I grew up in the suburbs, and TTH is my first residence off the pavement, so I can safely say that I was totally unprepared for the sheer amount of dirt involved in dirt-road living.
There is dirt all the time.
ALL OF THE DIRT. ALL OF THE THINGS.
Our home was built to connect us with the splendor of the natural world by letting comfortable temperatures out and uncomfortable temperatures in, and along with the weather (and spiders) comes truly spectacular amounts of dust from the nearby roads and fields. My desk is dusty. My computers are dusty. Joshua’s desk, and its houseplant of ridiculous scale, are dusty. The small Yoda figurine that lives in Josh’s ridiculous houseplant is dusty. The dishes we store under our “kitchen counter” (which is actually a work bench from Harbor Freight Tools) are dusty, and have to be cleaned prior to use. Our washer and dryer are dusty. If you picked a thing up and set it down in this house for longer than two minutes and twenty eight seconds, I guarantee it will have dirt all over it. I try not to touch the house’s decorative objects such as my bookcase knickknacks, teapots, or pottery very often, because if I disturb the layer of dirt surrounding them, I won’t be able to continue ignoring the fact that they need to be dusted.
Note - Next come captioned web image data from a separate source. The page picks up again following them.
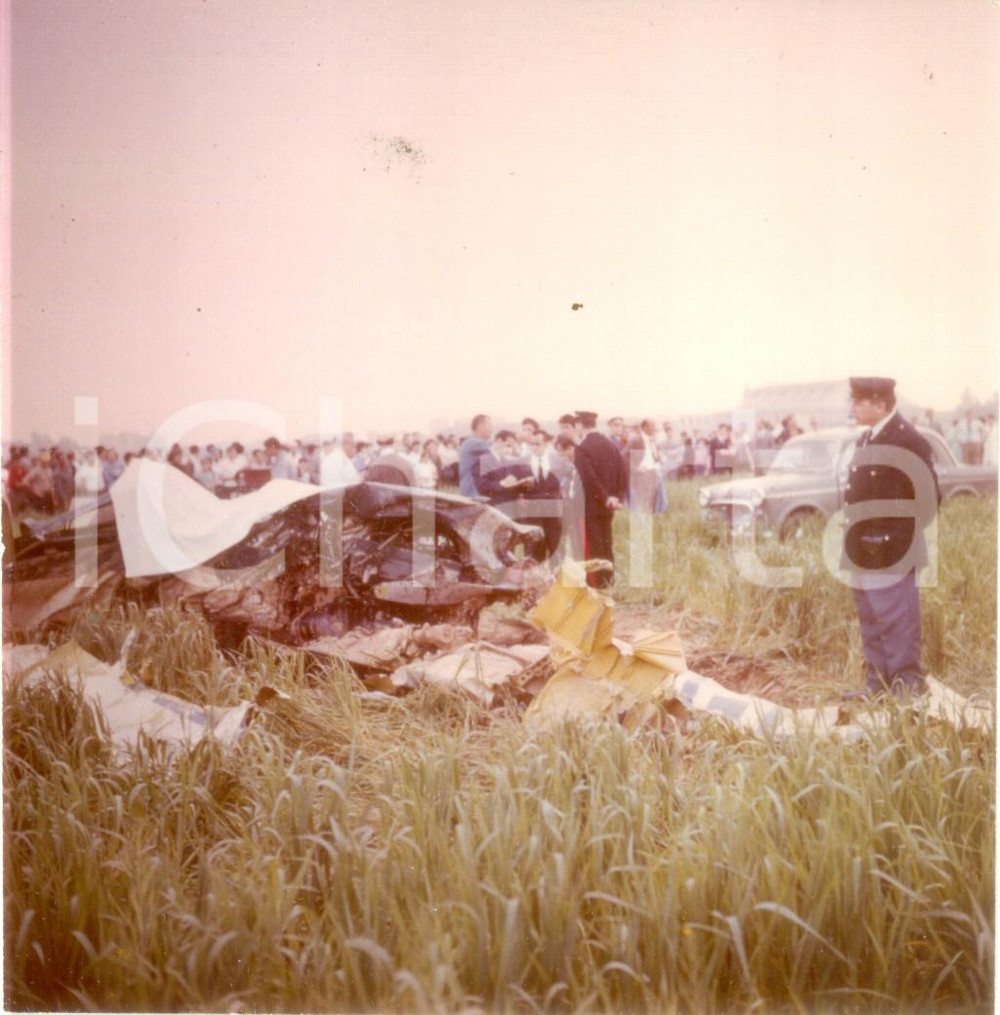 Fotografia d epoca originale 1966 BRESSO Aereo ISGLL di Rinaldo MALASPINA distrutto nell incidente Foto 3 1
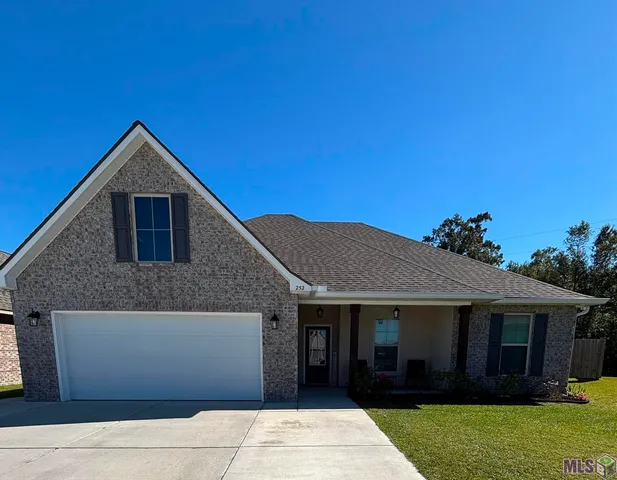 $306,000 | 252 Marie Claire Drive, Houma, LA 70364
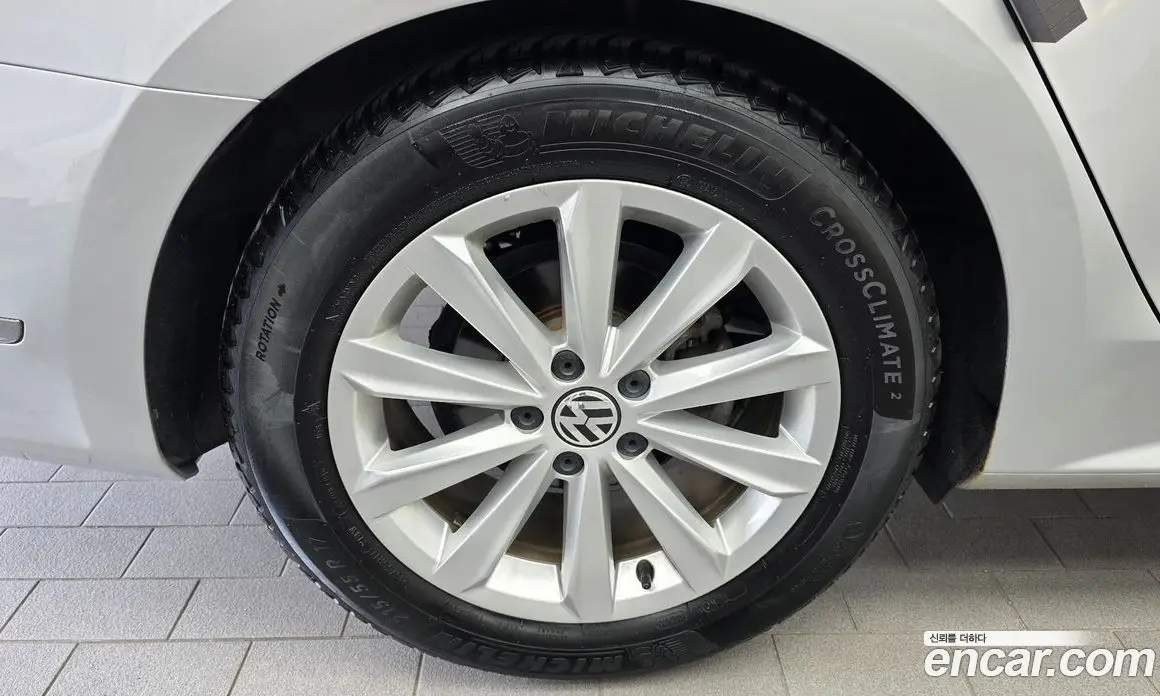 Volkswagen Passat 2015 1.8 автомат (гидро), фото 5 Volkswagen Passat 2015 1.8 автомат (гидро), фото 5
The Tiny Tiny House was built in the 40s, back when America hated women and made this clear by designing homes to catch as much dirt as possible. While I love my quirky architectural details and have made resigned peace with the decrepit double hung windows, there is no doubt that all of these built-in features around the windows, doors, and baseboard catch — you guessed it — more dirt. To the probable horror of Josh’s mom, we recognize the superior force and inevitability of dirt road entropy. We usually turn a blind eye to all the dusting we don’t actually have to touch on a daily basis, until someone’s coming over. Then we enter a mad cleaning frenzy, buzzing around the tiny house like attractive yet frantic bees in a small, dusty bottle, trying desperately to beat the clock and fool our visitors into believing we don’t live in squalor.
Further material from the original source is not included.